Casualty Insurance Underwriting and Reserves

     Casualty insurance liabilities are difficult to predict and may exceed the related reserves for losses and loss expenses. Although AIG annually reviews the adequacy of the established reserve for losses and loss expenses, there can be no assurance that AIG’s ultimate loss reserves will not develop adversely and materially exceed AIG’s current loss reserves.
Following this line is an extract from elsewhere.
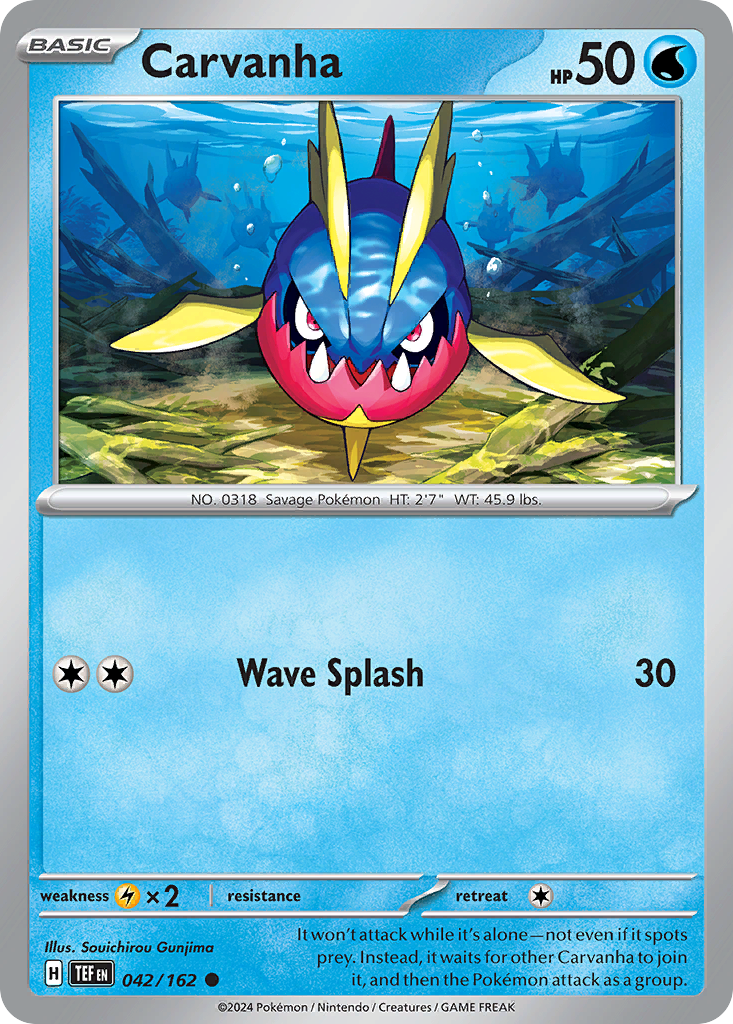 Carvanha 042/162 - Reverse Holo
Estimation of ultimate net losses, loss expenses and loss reserves is a complex process for long-tail casualty lines of business, which include excess and umbrella liability, D&O, professional liability, medical malpractice, workers compensation, general liability, products liability and related classes, as well as for asbestos and environmental exposures. Generally, actual historical loss development factors are used to project future loss development. However, there can be no assurance that future loss development patterns will be the same as in the past. Moreover, any deviation in loss cost trends or in loss development factors might not be discernible for an extended period of time subsequent to the recording of the initial loss reserve estimates for any accident year. Thus, there is the potential for reserves with respect to a number of years to be significantly affected by changes in loss cost trends or loss development factors that were relied upon in setting the reserves. These changes in loss trends or loss development factors could be attributable to changes in inflation on labor and material costs or in the judicial environment, or in other social or economic phenomena affecting claims. See “Management’s Discussion and Analysis of Financial Condition and Results of Operations — Operating Review — Reserve for Losses and Loss Expenses.”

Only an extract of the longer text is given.